Un grupo multinacional de investigadores ha hallado el caso de más nula evolución de los que se tenga noticia en el ámbito de la biología. Se trata de un microorganismo marino que podría haber permanecido sin alteraciones evolutivas por lo menos durante 2 mil millones de años.

Es un ser que parece contradecir las más famosas teorías del naturalista Chales Darwin. Pero en realidad esto no es así. Los científicos dedicados a esta investigación señalan que, esta escasa evolución, apoya las ideas de Darwin. El caso lo comentan a detalle en la publicación "Proceedings", boletín de la Academia Nacional de Ciencias. Los investigadores analizaron bacterias del azufre, los cuales son criaturas microscópicas imposibles de detectar a simple vista por el ojo humano. Estas bacterias tienen 1,800 millones de años y se han preservado en formaciones rocosas de las costas occidentales de Australia.

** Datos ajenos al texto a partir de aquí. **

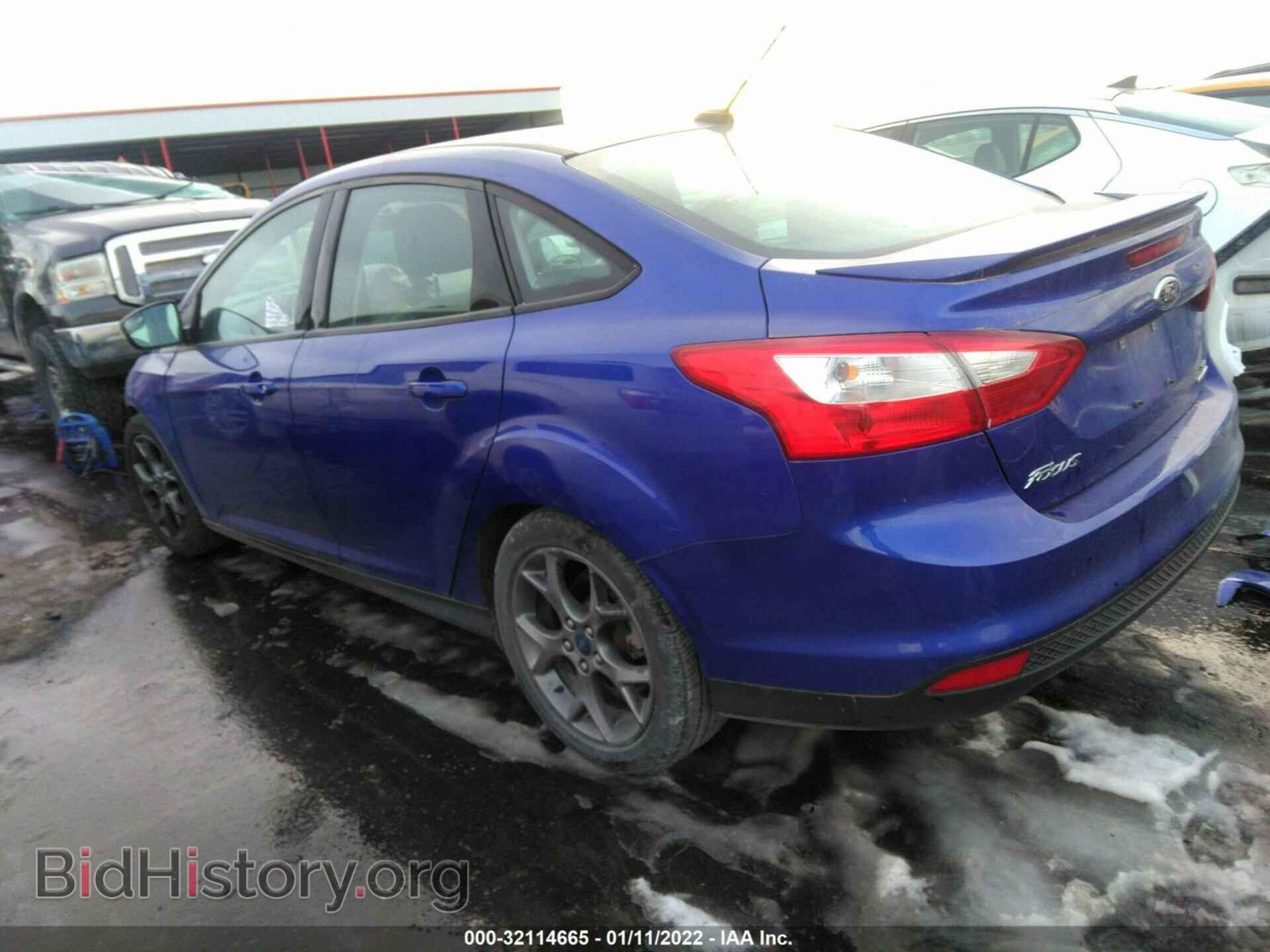 2014 FORD FOCUS - VIN: 1FADP3F23EL276997 - Фото 3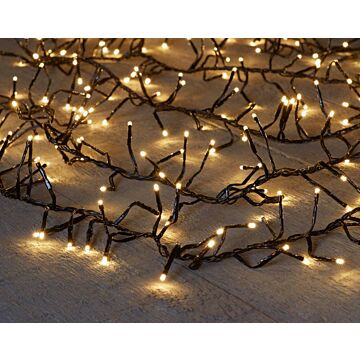 Kerstverlichting Treecluster 2,5 meter met 192 LED lampjes warm wit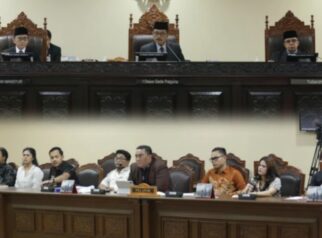 MKMK Mulai Sidangkan Aduan seluruh Hakim MK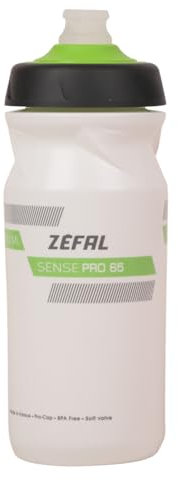 Zefal Sense Pro 65 Water Bottle, White, 650ml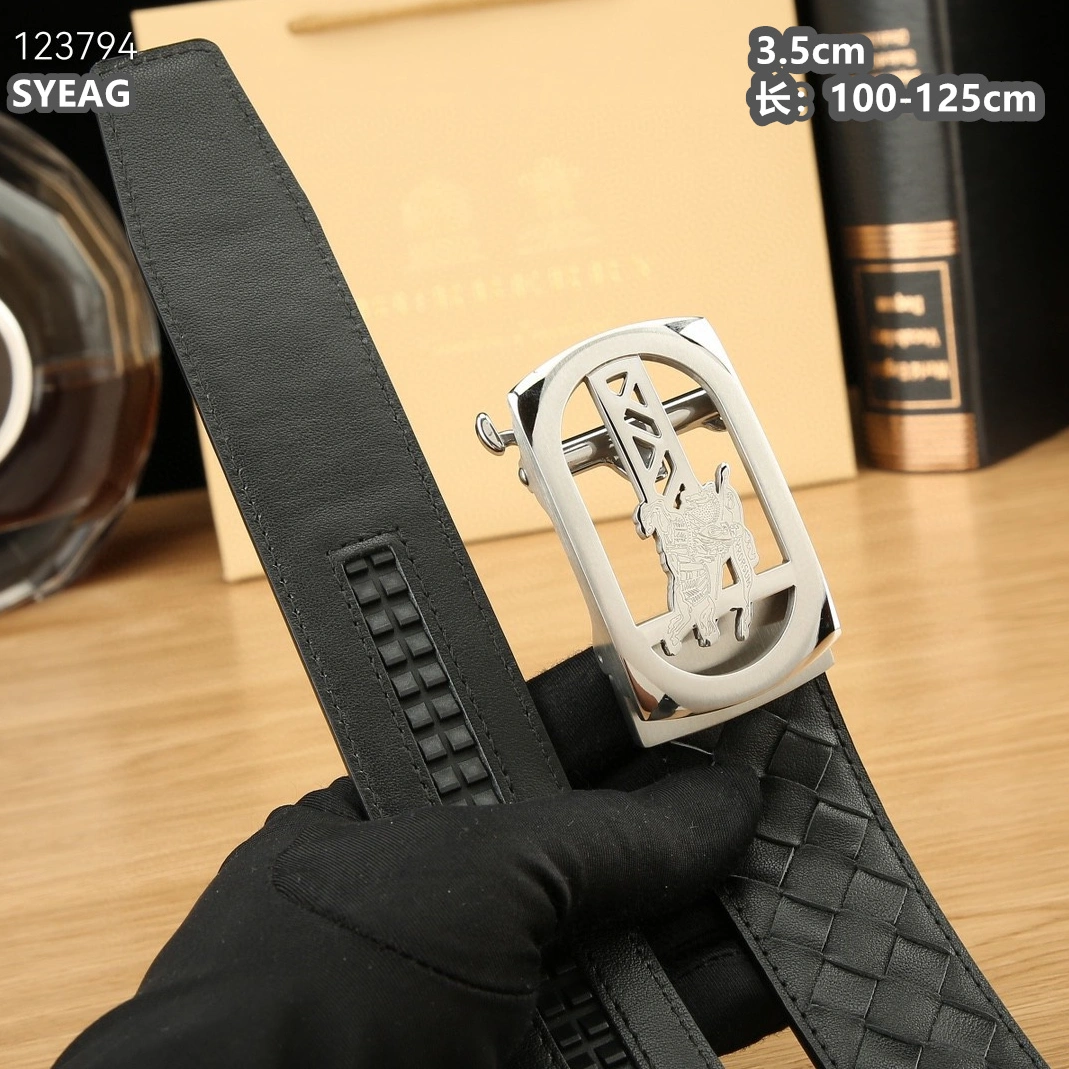Burberry AAA Quality Belts For Men Comfortable 2853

Valiéndose de recursos tecnológicos de vanguardia, los científicos hallaron que estas bacterias exhiben una apariencia similar a bacterias de la misma área geográfica, pero de hace 2,300 millones de años, y que los dos grupos son idénticos a las modernas bacterias del azufre, las cuales han sido detectadas en el barro de las zonas costeras del territorio chileno. Es una criatura que parece idéntica, más allá del paso de los milenios.

A juicio de William Schopf, catedrático de la Universidad de California y principal impulsor de esta investigación, tomando en cuenta que la evolución es algo comprobado, esta falta de modificaciones evolutivas en la bacteria del azufre, debe de tener una causa pendiente de determinar. Y es que, los textos de Darwin acerca de la Teoría de la Evolución, están centrados más en las variedades de animales y plantas que han experimentado alteraciones con el paso del tiempo, que aquellas, que no han tenido cambios. Pero entonces, ¿cómo explicar de manera científica la presencia de esta criatura, que no ha evolucionado en casi la mitad del tiempo de existencia de la Tierra?

Schopf, recuerda que, una de las reglas más importantes de la biología, indica que los seres vivos no evolucionan, salvo que acontezcan modificaciones radicales en su hábitat, tanto en términos biológicos como físicos. Y esto es totalmente congruente con las ideas de Darwin. Por lo cual, hay que tomar en cuenta que el hábitat en el que viven estos seres microscópicos, se ha mantenido prácticamente sin alteraciones en los últimos tres mil millones de años.